Regulatory requirements should support the environmental aspects and patient safety. It is important to recognize that the electronic product information is an improvement of the availability of updated information (Sirkas et. al, 2022). However, it should not be a driver to make the PLs even longer than they are now, but should focus on the legibility, searchability and quality of the information. The inclusion of ePL should be a smooth process from a regulatory perspective. Based on the current knowledge from hospital pilots, the absence of paper PLs has not caused inconvenience in the daily practice for pharmacists or other healthcare professionals (Lambot et. al., 2022).
Implementation should however consider the current IT infrastructure in different healthcare settings in different countries regarding the technical equipment's using ePL in daily routine (EAHP, 2022). There should also be enough incentives for the industry to bring products to market and hospitals, to increase accessibility to medicines. The ePL has been suggested as one, for example for low-volume products that would benefit from electronic language versions (Sundgren et. al., 2023).
There is also a need for simultaneous implementation, as due to increasing manufacturing costs and desire to drive down unnecessary pharmaceutical waste, there is a pressure to increase common packages, a legislative change must be coordinated throughout Europe to facilitate this. A summary of these benefits and challenges have been listed in the Table 1.

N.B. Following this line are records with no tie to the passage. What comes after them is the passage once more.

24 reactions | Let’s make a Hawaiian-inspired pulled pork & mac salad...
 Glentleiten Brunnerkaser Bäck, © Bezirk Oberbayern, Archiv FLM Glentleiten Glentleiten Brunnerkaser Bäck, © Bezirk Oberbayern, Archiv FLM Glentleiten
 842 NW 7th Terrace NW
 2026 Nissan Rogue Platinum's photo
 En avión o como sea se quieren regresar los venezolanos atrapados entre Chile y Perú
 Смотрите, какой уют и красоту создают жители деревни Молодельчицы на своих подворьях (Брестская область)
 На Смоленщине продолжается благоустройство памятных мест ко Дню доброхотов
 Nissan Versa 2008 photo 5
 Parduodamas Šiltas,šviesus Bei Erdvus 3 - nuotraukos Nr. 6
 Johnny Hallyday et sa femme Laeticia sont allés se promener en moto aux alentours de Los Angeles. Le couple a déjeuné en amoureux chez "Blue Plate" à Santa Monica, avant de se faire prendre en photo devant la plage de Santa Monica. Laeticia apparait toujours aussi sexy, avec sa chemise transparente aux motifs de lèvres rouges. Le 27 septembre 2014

There is a clear demand to improve access to medicines. ePL could function as one significant tool to achieve this goal by smoothing the way for common packages. However, also other aspects speak for the rapid implementation of ePL such as immediate access to up-to-date product information (incl. safety aspects) for health care professionals, environmental aspects, manufacturing and shipping costs only naming a few. The possibilities of utilizing different languages in a world with many minorities in several countries is a huge opportunity to increase knowledge of pharmaceuticals.
The current situation has led many countries to build their own electronic solutions and if a common structured database in EU takes too long to be implemented, we will have an even more shattered picture in the near future regarding product information. Hospital medicines could act as a pilot with a pure ePL solution and pave the way for other pharmaceuticals to follow.